All this can be solved in a relational database, but the maintenance (and time spent thinking about maintenance) is hard.
I was already looking a long way to start some projects with these assumptions, when I started to hear on the horizon: NoSQL, NoSQL, NoSQL... Well, I researched and discovered that are really BIG players use and invest in NoSQL. Studying the alternatives, I met MongoDB.

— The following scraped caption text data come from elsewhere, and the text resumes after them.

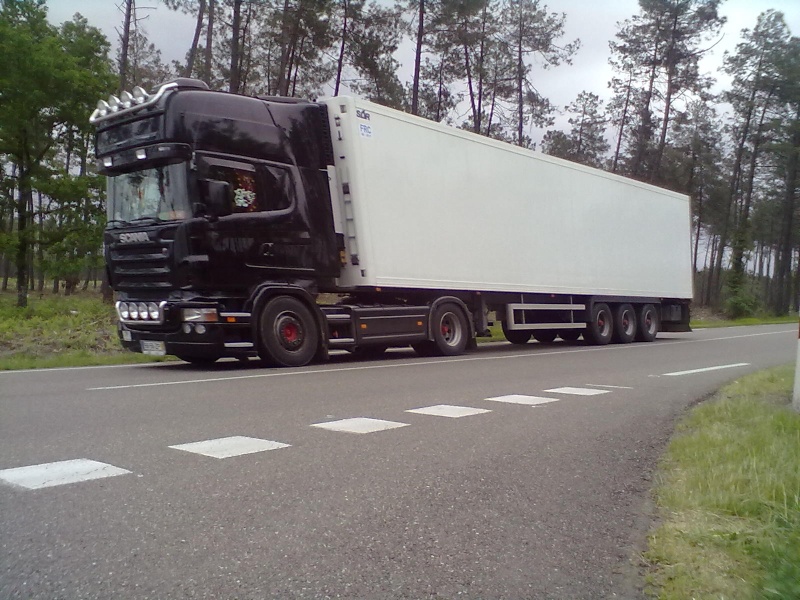 Chargement/Déchargement Landes (40) 18052017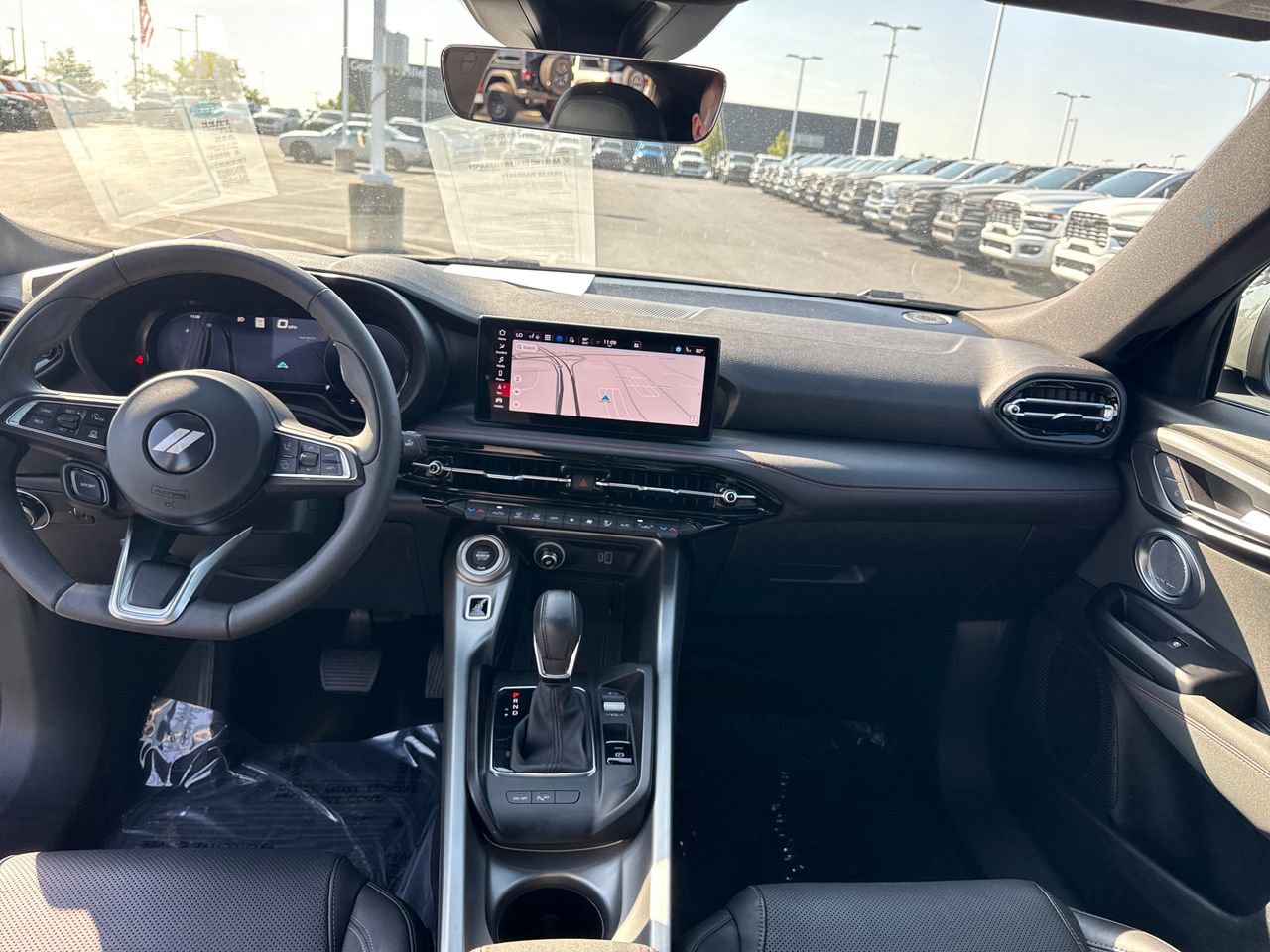 Used 2024 Dodge Hornet GT image 14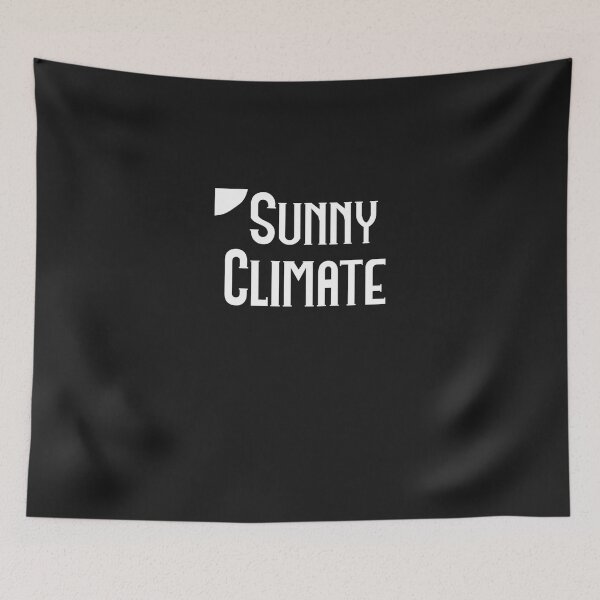 Item preview, SUNNY CLIMATE. ARISU  T-Shirt designed and sold by SebastianHapy.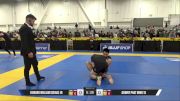 Johnny Phat Ming Ta vs Edward William Schade Jr 2025 World IBJJF Jiu-Jitsu No-Gi Championship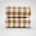 Brown Plaid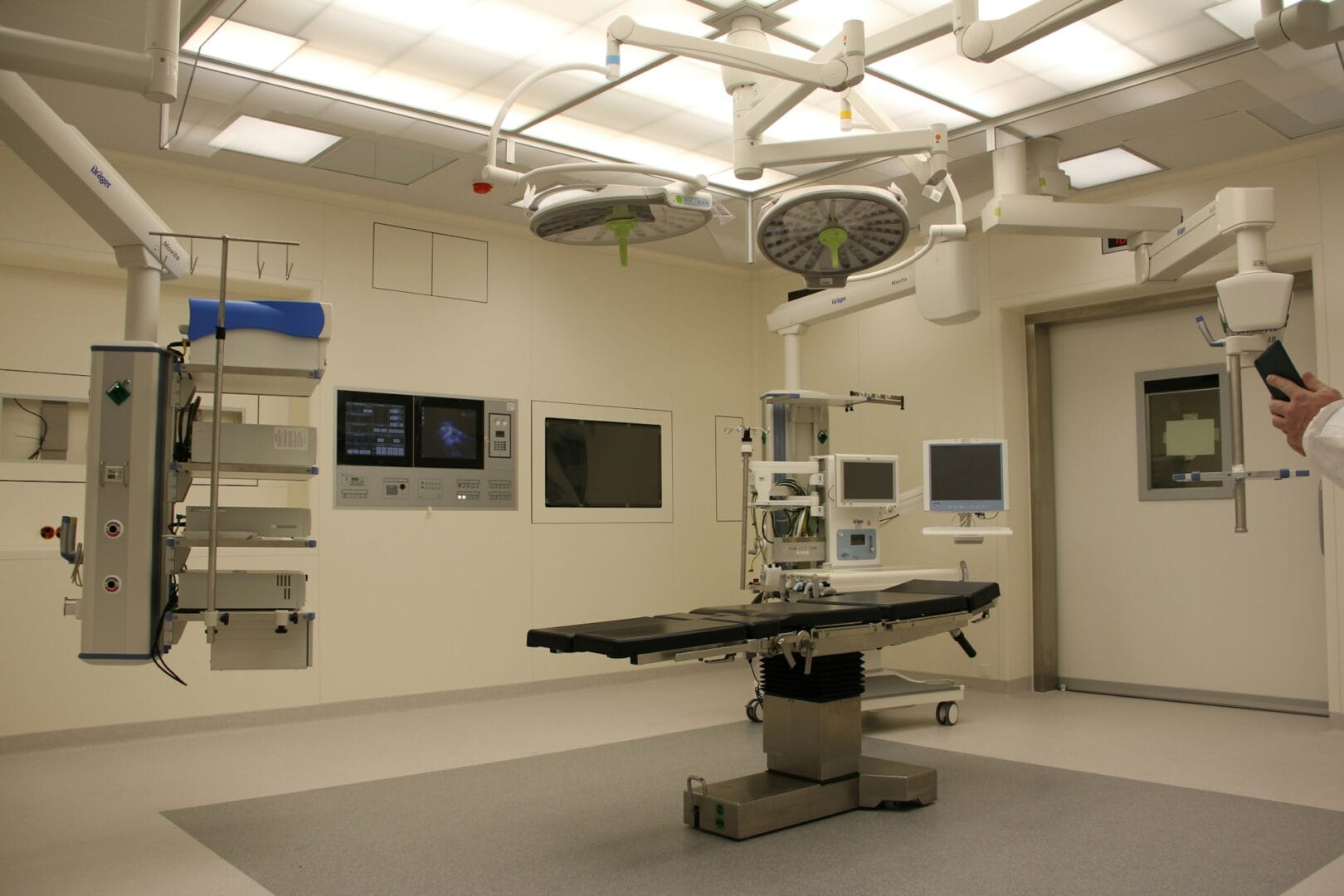 Upgrading Your Medical Equipment? Here’s Why You Need Expert Help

Simple, fast, strong community, good documentation and constantly evolving. And fits pretty well with agile projects because it allows easily extend an application with new fields, "small" documents living side by side with "huge" documents in the same collection. The dilemma "product table with different fields (attributes)" is not problem - just save attributes that are needed.
This has a name: schemaless. It is not necessary to define how data will be saved ("CREATE TABLE ..."). Just save it. More than that, no need to create the table. No need to even create the database (CREATE DATABASE ...")! Just say you want to record this data as a documnt in the "X" collection in the "Y" database. And MongoDB creates all that for you. Need not include a field ("UPDATE TABLE ADD COLUMN ..."), just save it. No need to delete a field ("UPDATE TABLE DROP COLUMN ..."), just delete it from the documents (an" unset ").
Plus, you can search in this "mess", similar (but very different) to how is done in SQL. You can search with REGEX! Aggregation is possible through MapReduce, which is also a powerful analysis tool.
There are strange things that the this "freedom" brings. If a document doesn't have an attribute, how can I search it? Well, I can even search documents that have an attribute or not...
And relationships? Get used to the idea that you will use much less relationships. And it will must handle redundancies, and that will have to maintain them in code. On the other hand, uou will retrieve data without complex joins. This is strange, difficult at first, but it doesn't mean that the DBA will be retired, he will only have to think differently. And he will be also responsible for thinking what the best way to store, with more performance, and management functions, backup, replication, etc.. No, you will not fire him, just shake it.
And the programming?
The MongoDB support in PHP is very good, using a native extension. There are several supporting ORMs MongoDB, perhaps with more resources is. .. Doctrine (version 2). Particularly, I use the Mondongo - today Mandango. But both are not schemaless, and this may be a bit frustrating. Therefore, I made a fork in Mondongo for use in personal projects, bypassing this "limitation".
If you want to go this way, keep in mind that the developer's responsibility increases significantly because there is no referential integrity, if you save an integer as string the data is written as is, so you must know how to deal with this freedom. It's easy to make a big mistake. But it is also easy to maintain, no need for migration, database updates. It is easy to scale, it's easy to create redundancy.
It's a different paradigm for building systems.
At the beginning of the text I commented about agile methodologies. It's because I concluded that NoSQL, in the case MongoDB, made me feel really AGILE.
In time, my choice may be good for me but not for you. You could consider my choice, but study and get your own conclusions, which will certainly be the path you must follow.